Der  Artikel wurde aktualisiert um 16.35 Uhr

Nachdem der Vorsitzende Richter Volker Mütze das Urteil verkündet hatte, gab es vereinzelt Applaus unter den 70 Zuschauern im Gerichtssaal.

Es gebe für die Sechste Strafkammer des Kasseler Landgerichts keine Zweifel, dass der 51-Jährige seine Schwester am 7. Oktober 2014 zunächst in Kassel entführt, bei Felsberg mit zwei Schüssen ins Herz getötet und anschließend in einem Kleingarten in Wiesbaden verscharrt hat, so der Vorsitzende.

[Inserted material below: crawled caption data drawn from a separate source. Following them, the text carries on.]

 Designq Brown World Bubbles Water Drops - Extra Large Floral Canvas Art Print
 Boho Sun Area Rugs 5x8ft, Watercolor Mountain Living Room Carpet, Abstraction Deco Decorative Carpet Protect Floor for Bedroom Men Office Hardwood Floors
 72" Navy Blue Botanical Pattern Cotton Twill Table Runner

Yaren Savasci, die 19-jährige Tochter des Mordopfers, reagierte erleichtert auf den Schuldspruch. Ihr Onkel habe bekommen, was er verdient habe. „Ich fühle mich so, als hätte ich einen großen Krieg gewonnen“, sagte die 19-Jährige gegenüber den Kamerateams. Der Angeklagte und seine Angehörigen nahmen das Urteil ohne größere äußere Gefühlsregung auf.

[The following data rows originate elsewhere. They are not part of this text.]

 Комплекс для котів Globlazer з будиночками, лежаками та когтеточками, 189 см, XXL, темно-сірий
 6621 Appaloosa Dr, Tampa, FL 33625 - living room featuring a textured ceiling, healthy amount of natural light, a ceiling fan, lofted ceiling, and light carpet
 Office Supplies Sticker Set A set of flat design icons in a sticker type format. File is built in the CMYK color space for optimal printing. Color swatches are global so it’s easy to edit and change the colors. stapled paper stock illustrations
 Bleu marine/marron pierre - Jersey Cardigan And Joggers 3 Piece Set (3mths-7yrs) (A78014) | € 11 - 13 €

Das Gericht sei anhand einer Vielzahl von Bausteinen zu dem Ergebnis gekommen, dass der 51-Jährige seine Schwester aus niedrigen Beweggründen ermordet habe, sagte Mütze. Das Motiv: Die Schwester habe nicht mehr seinen Vorstellungen von Familie entsprochen. Er sei mit der Lebensweise von Mehtap, die auch einen Geliebten hatte, nicht einverstanden gewesen.

Verurteilt: Der 51-jährige Bruder von Mehtap Savasci.

Der Streit sei am 4. Oktober vergangenen Jahres eskaliert, nachdem Mehtap Savasci sich geweigert habe, das Bayram-Fest gemeinsam mit ihrer Familie zu feiern. Nachdem seine Schwester ihm gesagt habe, sie habe keinen Bruder mehr, habe sich der Angeklagte dazu entschlossen, sie zu töten. Er sei durch ihre Aussagen in seiner Ehre als älterer Bruder und Kümmerer in der Familie verletzt worden, sagte Mütze. Er habe geplant, seine „Schwester zu eliminieren, um seine gekränkte Ehre wieder herzustellen“. Der Bruder sei dabei „kühl, rational und gezielt planerisch“ vorgegangen.

Urteil im Savasci-Prozess

Dafür, dass eine dritte Person dem Angeklagten bei dem Mord geholfen habe, gebe es keinerlei Anhaltspunkte, sagte der Richter. Er bezog sich damit auf die Argumentation der Verteidigung, dass es keine Beweise dafür gebe, dass der Angeklagte seine Schwester selbst erschossen habe. Strafverteidiger Sven Schoeller kündigte an, Revision gegen das Urteil beim Bundesgerichtshof einzulegen.